What you return should match the data below exactly, with no pictures in it.

> SOURCE DATA
• • • •

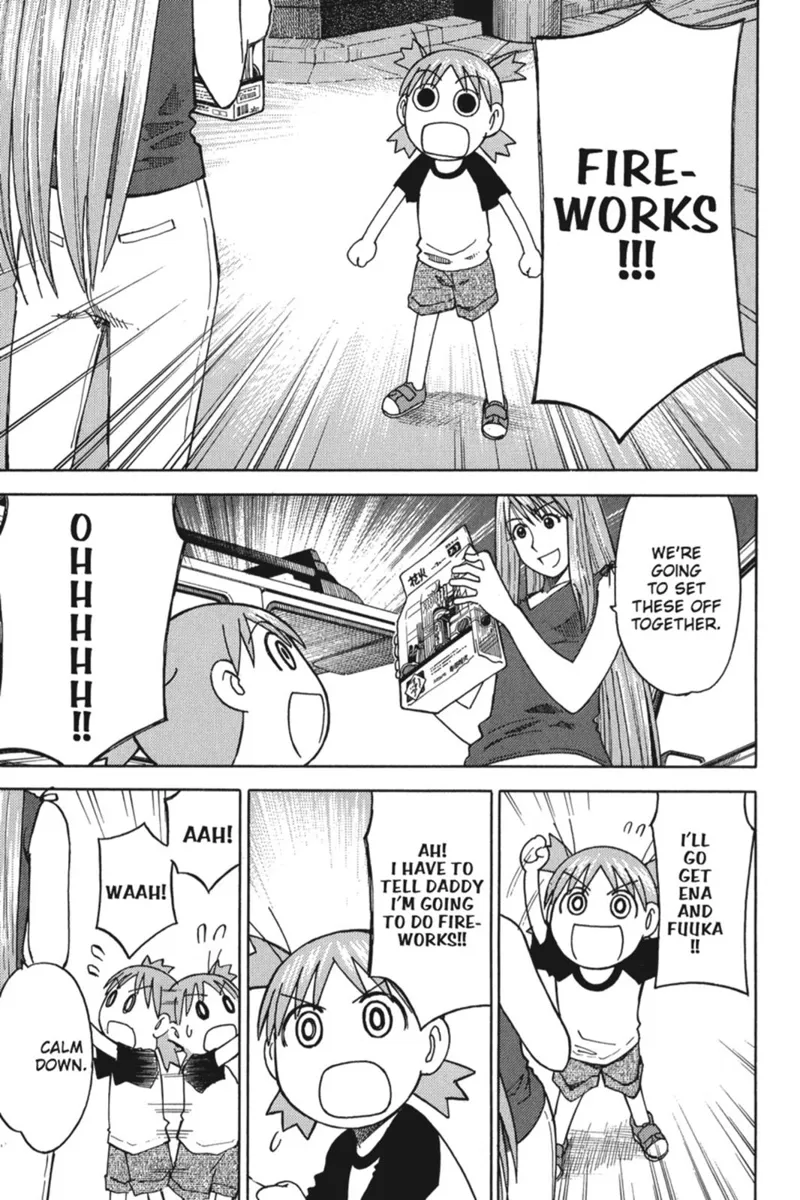 Yotsuba&! Chapter 16 - 13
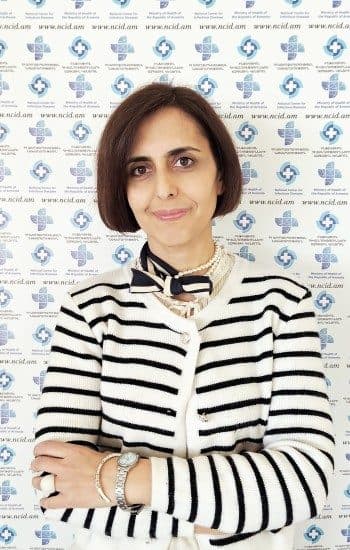 Лилит Артаваздовна Шахбазян
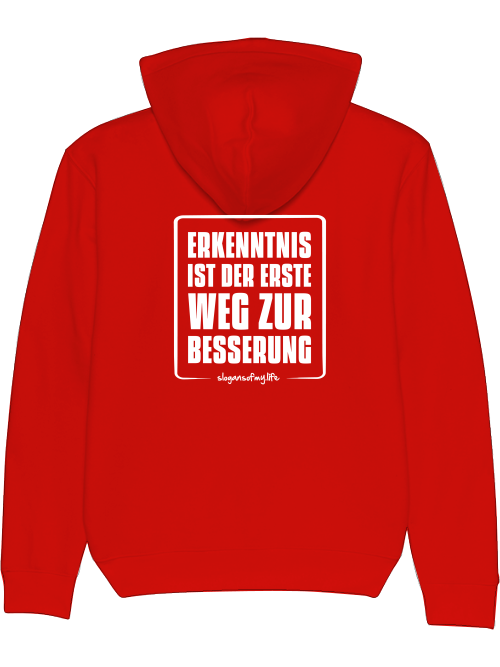 Hoodie "Erkenntnis..."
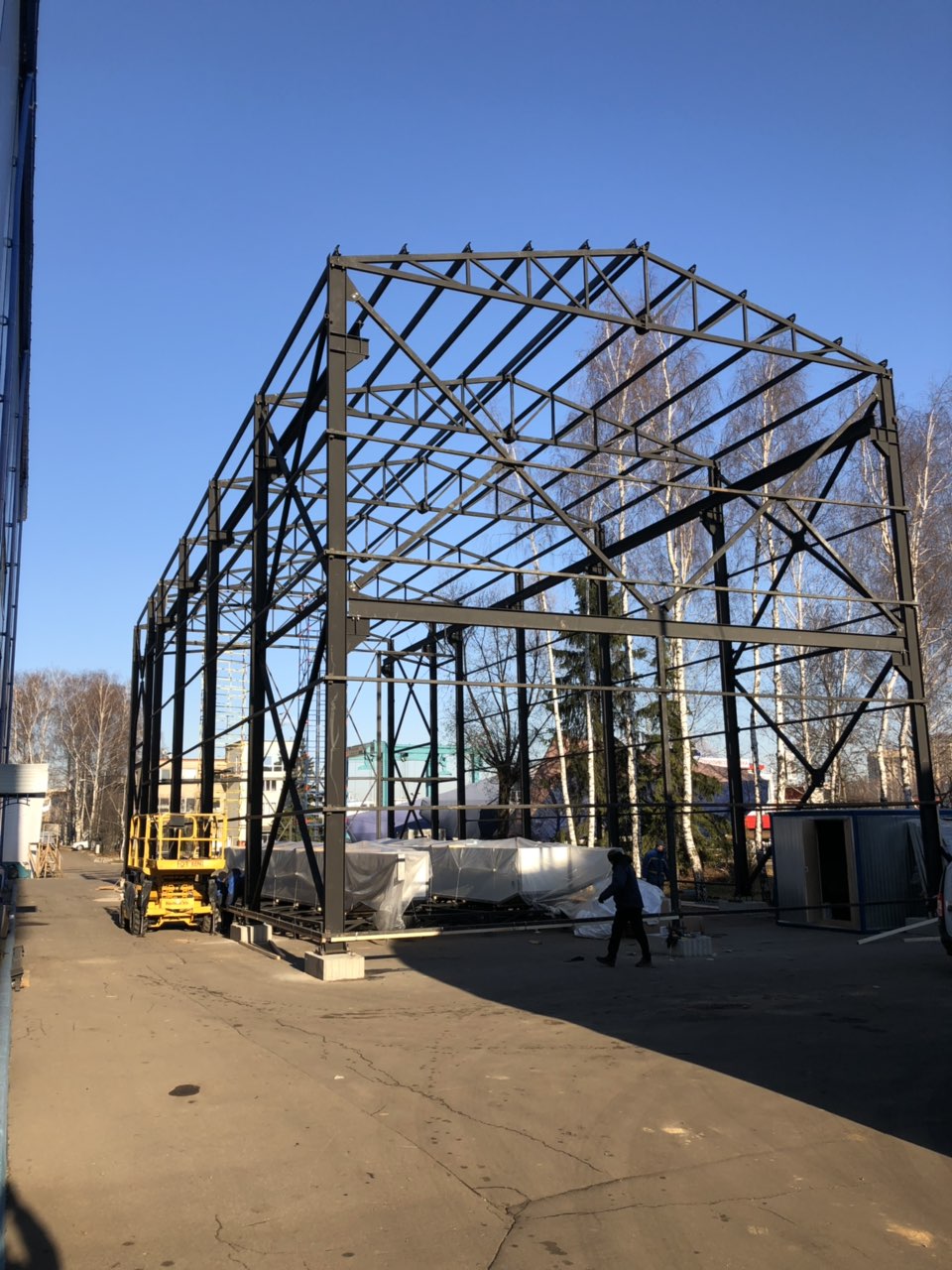 Холодный склад для ремонта яхт - фото 2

• • • •

> SOLVED EXERCISE
 Yotsuba&! Chapter 16 - 13
 Лилит Артаваздовна Шахбазян
 Hoodie "Erkenntnis..."
 Холодный склад для ремонта яхт - фото 2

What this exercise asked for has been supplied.